Split Your Data
You have some data and are ready to build a model. Hooray! Before you build a model, you use scikit-learn’s train_test_split. That’s a good start, but I’ve seen data scientists make lots of mistakes with splitting data. Here’s how this can easily go wrong, so you can avoid these pitfalls.
Set Your Seed
You split your data, build your model, review your results, and everything looks great. You run your code again and everything changes! Set your seed for train_test_split (and while you are at it, any other methods you use where a seed can be set) so that your work is reproducible. This allows you and anyone else to run your code and get the same results.
Check for the Same Entity
Another way your data split can go wrong is when you have an entity - a customer, a patient, a subject, etc. - show up in your data multiple times. For example, you are working on hospital admissions data, and some patients are admitted multiple times during the window of time your data covers. These aren’t duplicate records, but if your model trains on records for a patient and then sees that same patient in the test data, your model may already know the “answer” for that patient.

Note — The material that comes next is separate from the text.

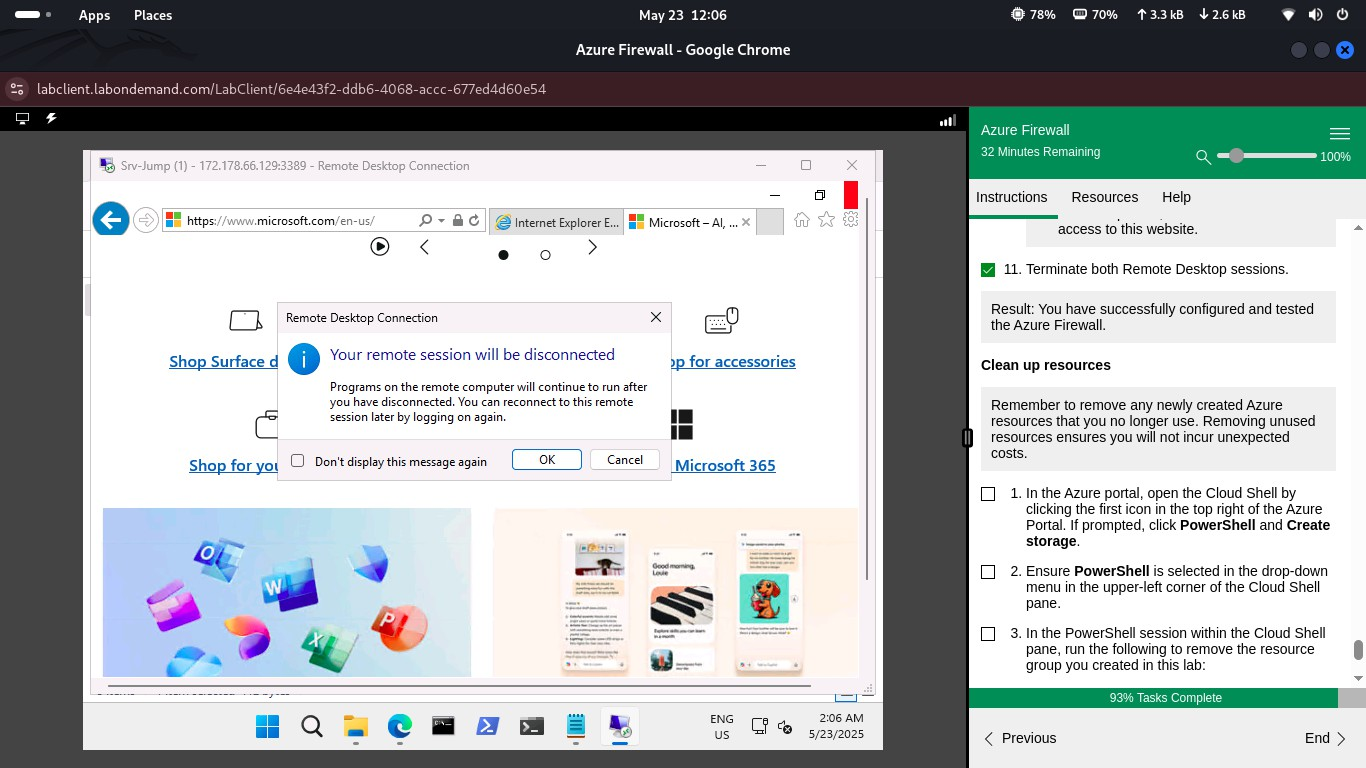 Step 12 – Session Termination and Cleanup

The solution to this is to split your data by putting entities either all in training data or all in test data. For our example with patients, we could randomly split into train and test by patient, rather than by admission record. This ensures that our test metrics are good, and the model hasn’t “cheated” by already seeing the answer for the entity in training.
Feature Engineer After Splitting
The order in which you do things matters. Perform your data splitting before you begin feature engineering. Your model should know nothing about your test data. If you are going to engineer features using derived data, such as calculating the mean, and apply this to your data, calculate the derived data after you have split your data and only use your training data.
If you violate this, this is another example of data leakage. This can result in the metrics on your test data looking better than they really should, because your model has incorporated some information from the test data. When you deploy this model on data that truly has never been seen before, this often results in a drop in performance.
Note that this also includes data augmentation. For example, if you are creating more training data for an image classifier by rotating and cropping the images, do this to your training data after the split has occurred, not before.
Time is Important
Using time series data in your modeling can be tricky. Usually with time series data, your model incorporates some prior values of that data. For example, you are predicting the number of orders placed today given the number of orders for each of the seven prior days along with some other information. When splitting this data, you do not want to perform a random split. If you do, some of the values you want to predict are known features in your training data - orders for October 7th will be predicted from your test data, but that value is a feature in predicting orders for October 8th, which is in your training data.
Instead, split your data based on time. The most recent data should be your test set. This mimics what will happen when you start using your model in the real world - your model doesn’t know anything about future values, and instead only knows about what has occurred up through training. This will avoid having your metrics on the test data look great, but your model performs poorly when used, because it memorized the values from the training data.
Summary
I hope this guidance helps you to avoid some of the common errors made with splitting your data. Happy modeling!